ANKARA
Fetullahçı Terör Örgütü'nün (FETÖ) 15 Temmuz 2016'daki darbe girişiminde Genelkurmay Başkanlığındaki eylemlere ilişkin, sözde "yurtta sulh konseyi" üyelerinin de aralarında yer aldığı 224 kişinin yargılandığı davada, sanıkların esasa ilişkin savunmaları alındı.
Ankara 17. Ağır Ceza Mahkemesince Sincan Ceza İnfaz Kurumları Kampüsü'ndeki salonda görülen duruşmaya, tutuklu sanıklar ile müştekiler ve taraf avukatları katıldı.
Duruşmada esasa ilişkin savunma yapan eski üsteğmen Vahit Güllü, savcılık mütalaasında üzerine atılı suçlamaları kabul etmediğini bildirdi.
Olay tarihinde Özel Kuvvetler Komutanlığında görevli olduğunu ve komutanı eski albay Murat Korkmaz'ın "tatbikat" emri vermesi üzerine Cumhurbaşkanlığı Muhafız Alayına gittiğini belirten Güllü, oradan da Genelkurmay Başkanılığı Karargahına gönderildiğini ileri sürdü.
Güllü, Genelkurmaya gittiğinde sanıklardan eski albay Murat Korkmaz'ın olası terör saldırısı için çevre emniyeti alacaklarını emretmesi üzerine kapalı bir binada sabaha kadar oturduğunu iddia etti.
Genelkurmaydaki 11 vatandaşın şehit edilmesinden sorumlu tutulması yönündeki savcılık mütalaasını reddettiğini bildiren Güllü, darbecilerle birlikte hareket etmediğini savundu.
Güllü, FETÖ ile herhangi bir bağlantısının olmadığını, Bank Asya'da hesabının bulunmadığını ve "ByLock" kullanıcısı olmadığını ileri sürerek, beraatini ve tahliyesini talep etti.
İletişim ankesördenMahkeme Başkanı Oğuz Dik, eski astsubay İbrahim Çölkesen hakkında beyanda bulunan tanık Y.K'nin duruşma salonunda dinleneceğini bildirdi.
Bunun üzerine huzura alınan tanık Y.K, davanın sanıklarından İbrahim Çölkesen ile astsubay hazırlık okulunda eğitim gördüğü dönemde tanıştığını ve birlikte örgüt evlerine gittiklerini belirtti.

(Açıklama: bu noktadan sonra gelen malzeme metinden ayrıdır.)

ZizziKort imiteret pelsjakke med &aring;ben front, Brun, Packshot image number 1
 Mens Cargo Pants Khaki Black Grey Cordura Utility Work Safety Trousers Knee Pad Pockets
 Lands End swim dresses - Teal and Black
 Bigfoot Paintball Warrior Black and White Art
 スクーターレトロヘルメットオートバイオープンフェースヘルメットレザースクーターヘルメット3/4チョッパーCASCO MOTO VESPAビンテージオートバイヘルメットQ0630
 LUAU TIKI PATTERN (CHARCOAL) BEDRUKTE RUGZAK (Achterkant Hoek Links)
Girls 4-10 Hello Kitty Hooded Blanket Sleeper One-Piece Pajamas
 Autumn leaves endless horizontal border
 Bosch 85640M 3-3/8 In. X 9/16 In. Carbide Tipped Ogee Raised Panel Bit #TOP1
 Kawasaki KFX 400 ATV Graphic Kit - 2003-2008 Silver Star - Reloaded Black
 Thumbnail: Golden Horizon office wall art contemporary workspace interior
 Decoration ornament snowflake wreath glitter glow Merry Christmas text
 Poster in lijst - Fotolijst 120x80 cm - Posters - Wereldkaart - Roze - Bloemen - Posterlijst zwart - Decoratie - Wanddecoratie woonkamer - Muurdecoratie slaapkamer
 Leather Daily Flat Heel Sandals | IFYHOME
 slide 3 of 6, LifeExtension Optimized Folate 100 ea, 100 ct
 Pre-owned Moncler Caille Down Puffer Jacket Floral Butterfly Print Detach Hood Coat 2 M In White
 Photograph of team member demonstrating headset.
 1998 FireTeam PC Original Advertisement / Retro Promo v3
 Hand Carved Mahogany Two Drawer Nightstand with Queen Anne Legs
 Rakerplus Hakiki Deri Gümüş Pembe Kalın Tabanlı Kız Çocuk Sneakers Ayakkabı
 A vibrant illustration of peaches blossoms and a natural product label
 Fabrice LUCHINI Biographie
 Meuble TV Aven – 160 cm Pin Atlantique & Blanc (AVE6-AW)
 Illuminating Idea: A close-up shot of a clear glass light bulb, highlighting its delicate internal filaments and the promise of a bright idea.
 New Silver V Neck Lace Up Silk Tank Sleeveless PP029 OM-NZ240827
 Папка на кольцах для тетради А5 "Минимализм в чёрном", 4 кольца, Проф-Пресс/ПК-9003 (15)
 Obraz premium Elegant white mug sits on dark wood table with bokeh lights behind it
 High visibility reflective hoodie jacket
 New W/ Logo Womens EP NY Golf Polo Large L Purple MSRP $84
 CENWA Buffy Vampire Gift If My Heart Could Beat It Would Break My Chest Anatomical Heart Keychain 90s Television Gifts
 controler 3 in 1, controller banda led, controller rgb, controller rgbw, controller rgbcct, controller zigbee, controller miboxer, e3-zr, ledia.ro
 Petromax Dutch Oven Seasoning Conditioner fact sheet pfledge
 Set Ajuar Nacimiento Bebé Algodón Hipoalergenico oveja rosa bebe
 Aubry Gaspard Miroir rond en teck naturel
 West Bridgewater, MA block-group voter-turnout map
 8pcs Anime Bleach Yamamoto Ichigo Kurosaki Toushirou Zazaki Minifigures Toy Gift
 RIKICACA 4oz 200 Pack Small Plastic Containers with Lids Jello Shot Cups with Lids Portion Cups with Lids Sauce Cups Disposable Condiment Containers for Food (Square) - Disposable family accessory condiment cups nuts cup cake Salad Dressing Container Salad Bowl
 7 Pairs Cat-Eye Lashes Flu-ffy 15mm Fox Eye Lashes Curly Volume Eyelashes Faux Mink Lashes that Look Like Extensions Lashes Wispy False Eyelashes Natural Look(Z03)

FETÖ'nün mahrem imamlarıyla ankesörlü telefondan iletişim kurduğunu anlatan tanık eski astsubay Y.K, şunları söyledi:
"İbrahim'le Balıkesir astsubay hazırlama okulunda tanıştık. Benim yan bölüğümdeydi. Orada hafta sonları çarşı izinlerinde sohbetlere giderdik. FETÖ elebaşının kitaplarını okuyorduk. Bizden sorumlu Yusuf kod adlı şahıs vardı. Ankesörle haberleşmemiz oluyordu. Bana ulaşamazsa mahrem abi, sohbete gelen başkasını arıyordu, o da diğerlerine iletiyor ve sonra buluşuyorduk."
Tanık beyanına karşı söz alan sanık İbrahim Çölkesen, tanığın beyanlarının doğru olmadığını ileri sürdü. O dönem bölüklerinin yan yana olması sebebiyle tanığa sadece matematik dersinde yardım ettiğini öne süren Çölkesen, "Y.K yalan söylüyor. Sohbete katılmadım. Tanığa o dönem derslerinde yardımcı olduğum için biliyorum, başka bir tanışıklığıyım yoktur." dedi.
Bunun üzerine söz alan tanık Y.K. de söylediği tarihler arasındaki sanığa ait HTS kayıtları incelendiğinde sözlerinin doğrulunun kanıtlanacağını kaydetti.